Zhang Ruimin, the 66-year-old CEO of Haier Group, said global over-capacity and a shift to advanced manufacturing in a wireless age has put off talk of large acquisitions.
In recent years, Haier has bought New Zealand's Fisher & Paykel Appliances and Japan's Sanyo Electronics to compete against worldwide home appliances leader Whirlpool and other global brands, including Electrolux AB.
"We used to think: maximize quantity, export more and manufacture more. This isn't working," Zhang told Reuters in an interview at his Qingdao headquarters.
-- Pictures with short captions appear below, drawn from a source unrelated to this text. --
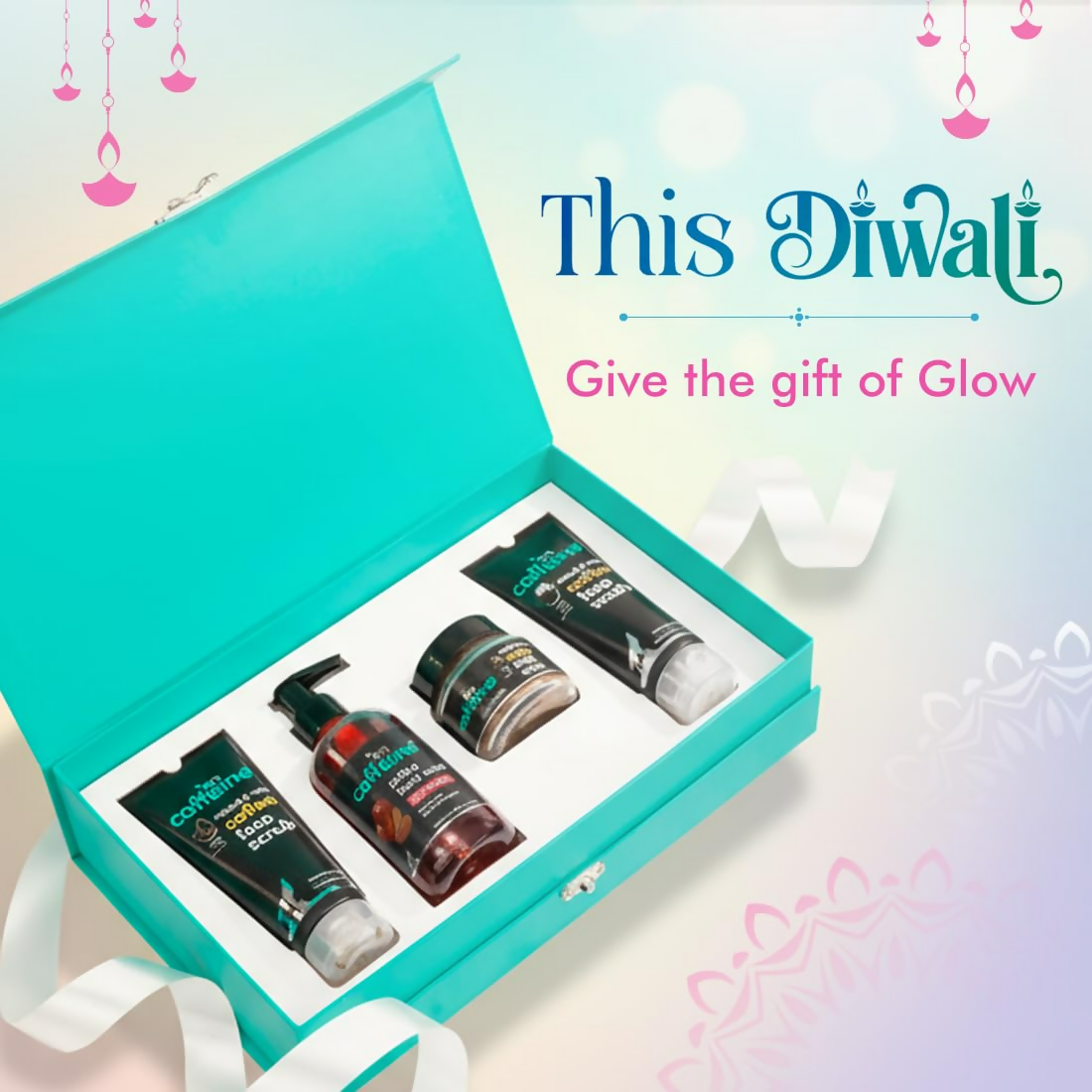 mCaffeine Shower Temptations Gift Set Kit For Women & Men - Distacart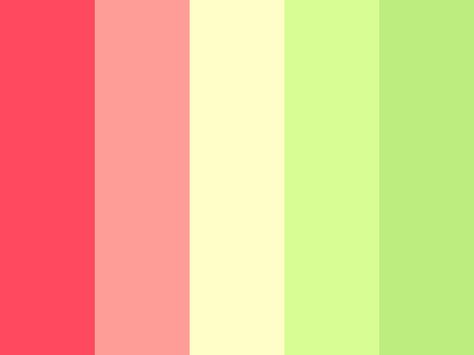 "Summer Watermelon" by souredpoison bobaward Watermelon Color Aesthetic, Watermelon Colour Palette, Watermelon Color Palette, Hair Color Swatches, Palette Summer, Flat Color Palette, Watermelon Color, Cool Color Palette, Color Palette Challenge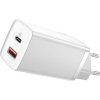 Baseus Travel Charger GaN2 Lite Quick Charger C+U QC 3.0 PD 3.0 65W EU White (CCGAN2L-B02)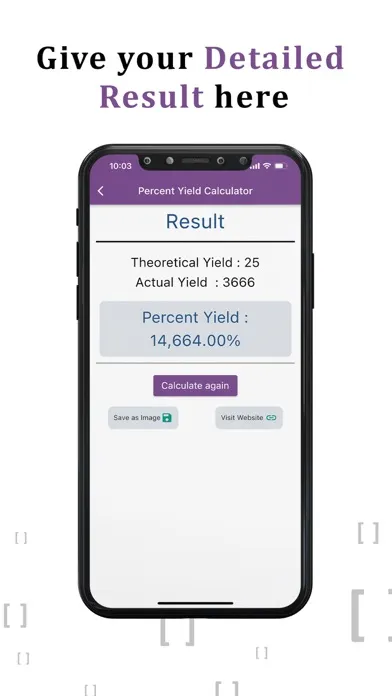 Percent Yield Calculator Screenshots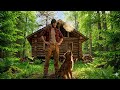 I Spent Two Years Alone Building a Log Cabin… and Nearly Gave Up—Do You Know Why?(Part 2/3)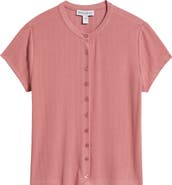 Bernardo Ribbed Buttoned Shirt
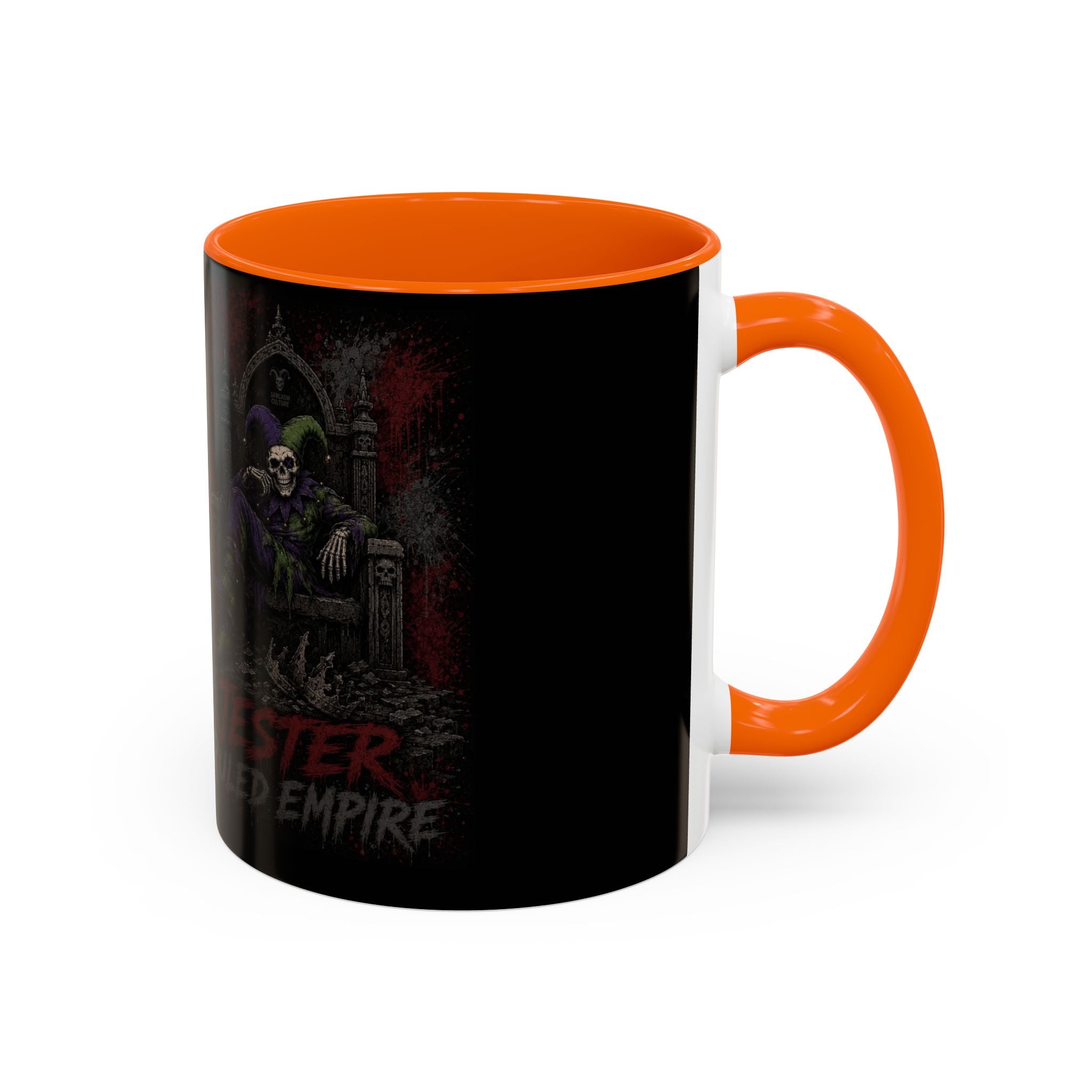 Graphic Accent Coffee Mug — 11oz & 15oz Ceramic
He is now driving production and sales at one of China's most successful consumer brands closer to customers, flattening the management structure and streamlining the workforce, in a battle to maintain profitability as China's growth slows.
"It's survival of the fittest," said Zhang. "(Haier) must transform from a traditional manufacturing enterprise into an Internet business."
Haier, which includes Hong Kong-listed Haier Electronics Group and Shanghai-listed Qingdao Haier Co, has shed 10,000 workers - around one seventh of its workforce - in the past year, while building out China's biggest home appliance sales and logistics network.
Haier Group sales rose 11 percent last year to $32.6 billion, and net profit jumped by almost a third to $1.9 billion, but net margins at Haier Electronics remain thin, at around 3.6 percent, and a weak property market and slowing appliance sales are squeezing profitability.
Zhang told Reuters last year he wanted to double the contribution of worldwide sales to 50 percent of revenue. "The goal hasn't changed, but what's important is that we've come to realise the path has problems," he says now.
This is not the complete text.